What is wrong with the usual approach of instaling a compressed air
rotary joint on each axle, connected to the tire through a Schrader
valve in the wheel (so it holds air when removed). The stationary end
of each rotary joint connects to a pressure transducer and fill (from
engine driven compressor) and vent solenoid valves, controlled by the
tire inflation computer. A dashboard control lets the driver adjust
tire inflation from inside, so for instance pressure could be dropped
to 20 PSIG for driving on sand and back to 32 for highway driving, or
upped a bit for driving in rain. This arrangement works pretty well
on my Yugo :).

Glen
 
C

ChairmanOfTheBored

You define yourself by the things you refuse to believe are possible.

John
No. We define fact with fact. A stray bug can stop those spinners from
"working". They certainly aren't going to operate a compressor, and they
most certainly aren't going to operate one that has to keep a surge tank
full in a leaky system, and replenish it after a tire gets topped off.

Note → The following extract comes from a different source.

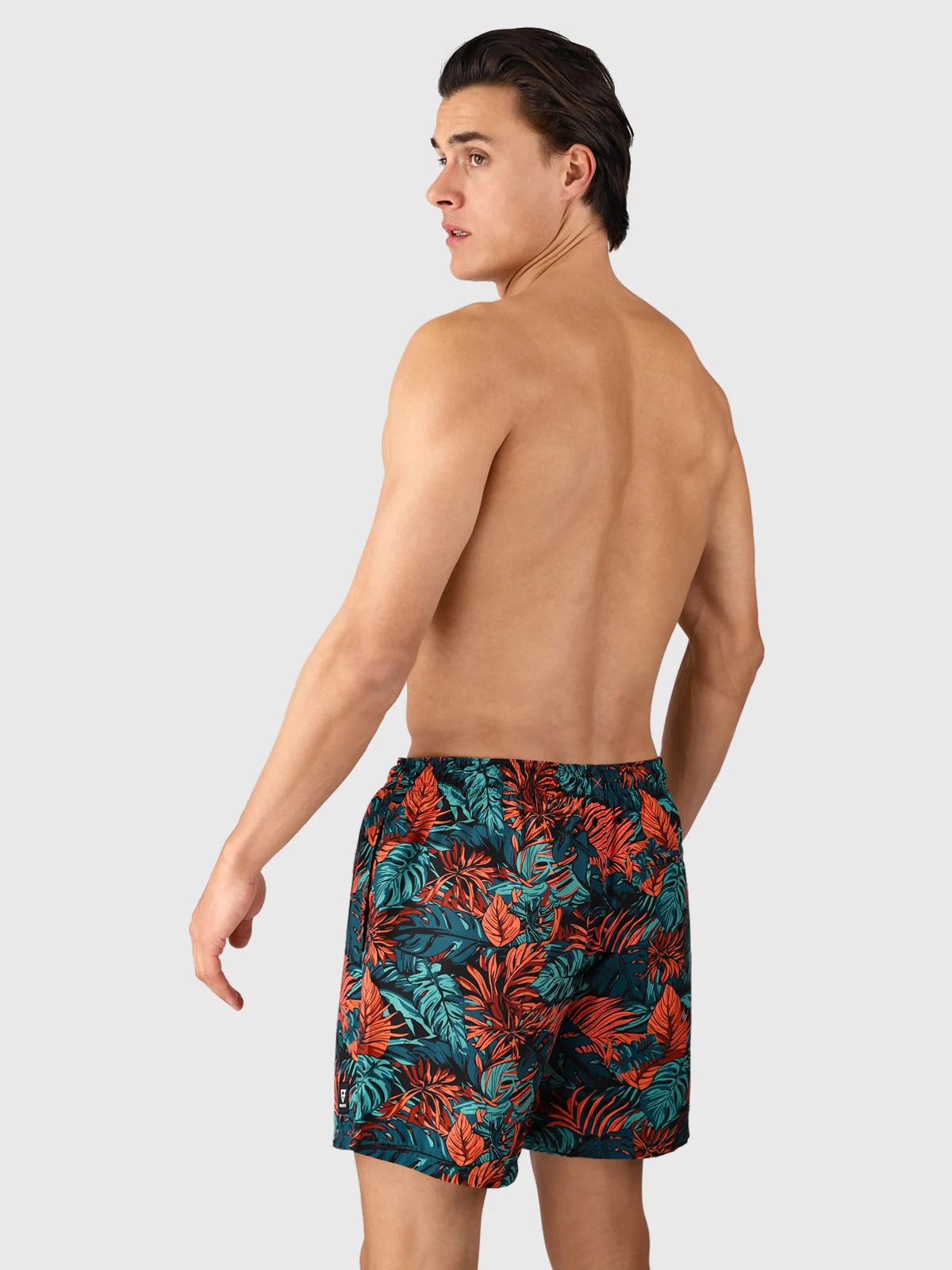Cester-Leaves Men Swim Shorts | Fuel Green - Image 2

It's like asking a clock spring to power a dragster.
 
R

Rich Grise

You're in Oregon here aren't you, guy?

Actually, Guy is in southern CA, and John's in San Francisco somewhere.
http://www.guymacon.com/
http://www.highlandtechnology.com/
My experience with those coin-operated
units is that they're generally poorly maintained and typically undersized
(leading to very long fill times) in the first place -- using them is a much
worse experience than in "the old days" when pretty much all gas stations had
*decent* air compressors that you could use *for free*.

The cost of a compressor and its maintenance and electrical usage probably
amounts to about 1/100 of a penny per customer per visit!

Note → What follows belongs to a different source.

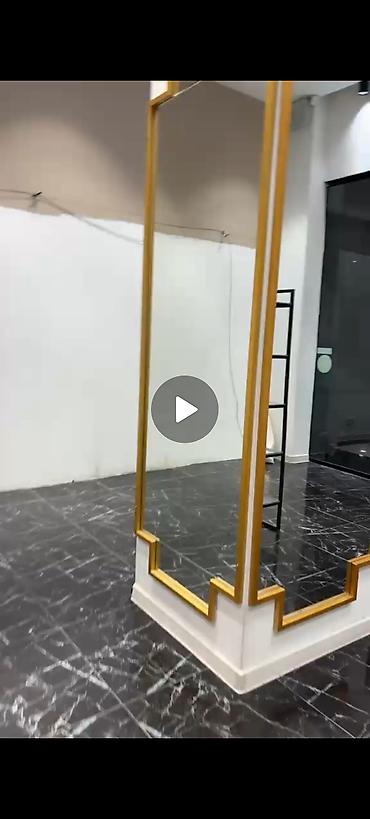 Зеркала: Напольное зеркальное панно с золотой рамой - Рама: декоративная — 2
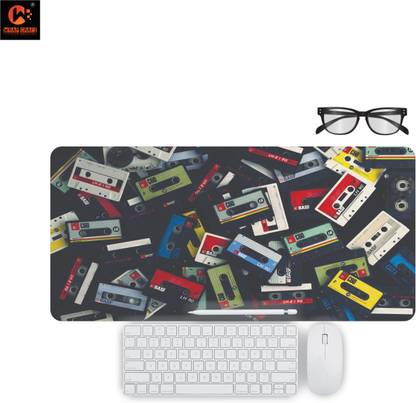 SKINFACTORY MousePad Anti Slip Waterproof And Washable 11 X 23 Laptop PC and Gaming SF@13 Non Slip Base Mousepad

Make no mistake -- the coin-operated units were introduced as revenue
enhancers, not just as a means to get air to pay for itself.

Do you think that gas stations should start having pay toilets as well? :)
They're certainly *far* more expensive to maintain than an air compressor is!

Gas stations have had pay toilets for decades. I doubt if it helps defray
the cost of cleaning/maintenance very much, but it keeps the riff-raff
out, which dramatically cuts those costs.

Cheers!
Rich
 
C

ChairmanOfTheBored

You just made that up. You sure didn't do the math!

Bullshit. They have very precise, high tolerance bearings, and I have
seen them fail from bug guts before. They are not going to perform the
kind of work your "compressor" would demand. They count on very tiny
differences to "spin" at all. If you make the differences big enough to
do the job you are after, the imbalance would be enough to throw that
tire/wheel assembly balance off, and we cannot have that in what MUST be
maintained as a concentric rotating assembly.